Multiple local, national, and international civil society organizations submitted reports to the Committee Against Enforced Disappearances, highlighting thousands of disappearances in Chihuahua, a backlog in identifying bodies, kidnapping and extortion of migrants, and the existence of clandestine graves involving Mexican authorities.
An analysis of dozens of documents submitted by these organizations to the UN reveals that the state of Chihuahua and six other states together account for 51,645 unidentified bodies, representing 71.73% of the national total. These bodies are either in the custody of forensic services or have been buried in mass graves.
According to documentation provided by civil society organizations to the dossier compiled by the UN Committee Against Enforced Disappearances—whose report was rejected this week by the Mexican government—the states with backlogs in identification are, in addition to Chihuahua, Baja California, Mexico City, the State of Mexico, Jalisco, Tamaulipas, and Nuevo León.
According to the Committee, Mexico faces a forensic crisis that fosters impunity and requires urgent attention in a context of widespread and systematic disappearances that meet the criteria to be classified as crimes against humanity due to their pervasive and systematic nature.
The Committee determined that there is no well-founded evidence of a deliberate federal policy to commit these acts; however, it noted that the State’s failure to prevent and punish these crimes has fostered a climate of impunity that allows them to continue.
The documents do not specify the backlog in identifying bodies in the case of Chihuahua, but they do provide data for Baja California, which reports 14,378 unidentified bodies buried in mass graves in Mexicali, Tijuana, and Ensenada between 2010 and March 2025. In Jalisco, 5,025 unidentified murder victims remain, and in Guanajuato, the number of unidentified bodies reached 907 as of August 2024.
Compared to other states in the Northwest region, Chihuahua surpasses the records of Sonora, with 10,231 cases, and Baja California, with 8,004 cases, and is nearly on par with Sinaloa, which has 15,755 cases.
Nationally, Chihuahua ranks below states with higher rates of unidentified victims, such as Jalisco, which reports 25,249 unidentified individuals, and the State of Mexico, with 63,927 total cases.
Civil society documentation indicates that in January 2025, local authorities and collectives reported the discovery of 40 clandestine graves in Chihuahua.
In the area of human rights, the state has accumulated 38 complaints before the National Human Rights Commission (CNDH) for alleged enforced or involuntary disappearances between 2009 and 2025, making it the fourth state with the highest incidence in this category, surpassed only by Tamaulipas (72), Veracruz (42), and Michoacán (40).
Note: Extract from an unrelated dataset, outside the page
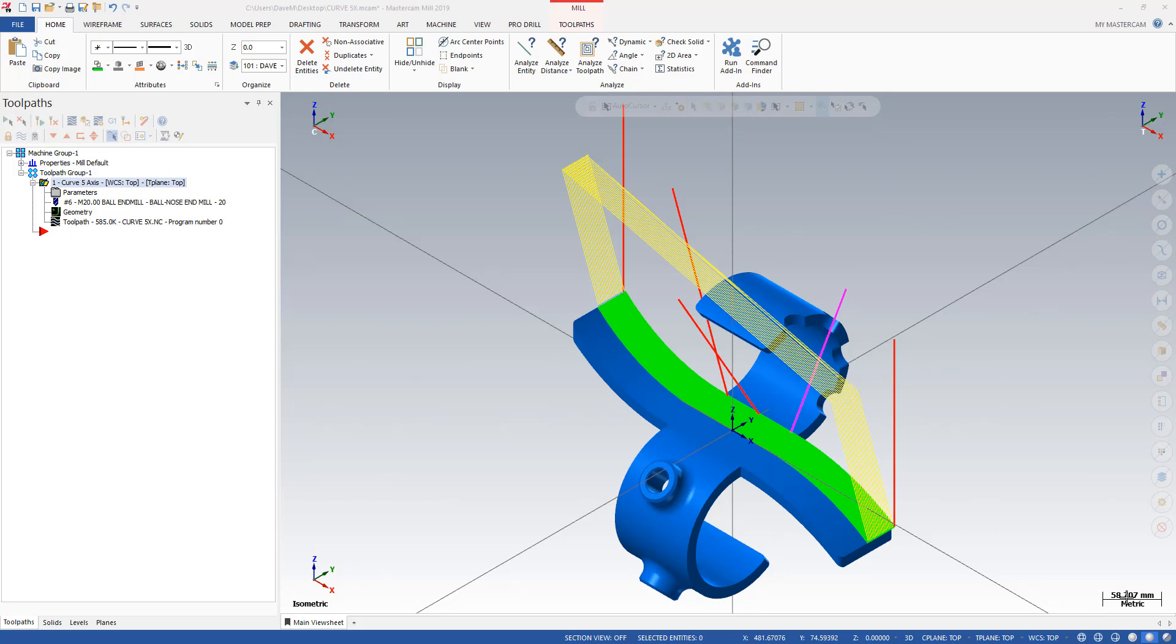So the curve side of that toolpath takes the 5-axis curve toolpath and what it does is you can drive a tool along a curve at different tilts in order to tilt the tool for whatever reason you want to tilt your tool. Be it normal to the surface, be it with tilt lines, be it with a few other techniques you can use.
The CNDH has issued two formal recommendations regarding incidents that occurred in Chihuahua in 2011 and 2022.
The documentation also includes a study of 177 migrants in Ciudad Juárez, which indicates that 50% were victims of robbery, 20.4% were kidnapped while transiting through the state, and that in 30% of these cases, testimonies referred to the involvement of Mexican authorities.
The state has also submitted a communication to the International Criminal Court (ICC) regarding the alleged commission of crimes against humanity between 2008 and 2010.
In Mexico, the National Registry of Missing and Unlocated Persons (RNPDNO) reports a total of 133,236 people who remain missing or unlocated.
Given this volume of cases, the UN Committee against Enforced Disappearances (CED) activated the procedure under Article 34 of the International Convention, based on evidence that disappearances are practiced in a widespread or systematic manner.
“In its concluding observations of 2015, the Committee noted that the information received evidenced a context of widespread disappearances across much of Mexican territory, many of which could be classified as enforced disappearances,” the document sent to the Mexican government a few days ago states.
In this “advanced unedited version” of the UN Committee Against Enforced Disappearances, it also noted “deficiencies in the system established to prevent, investigate and punish enforced disappearances; problems related to the National Registry of Missing or Disappeared Persons and the lack of a single registry that would allow for obtaining reliable statistics.”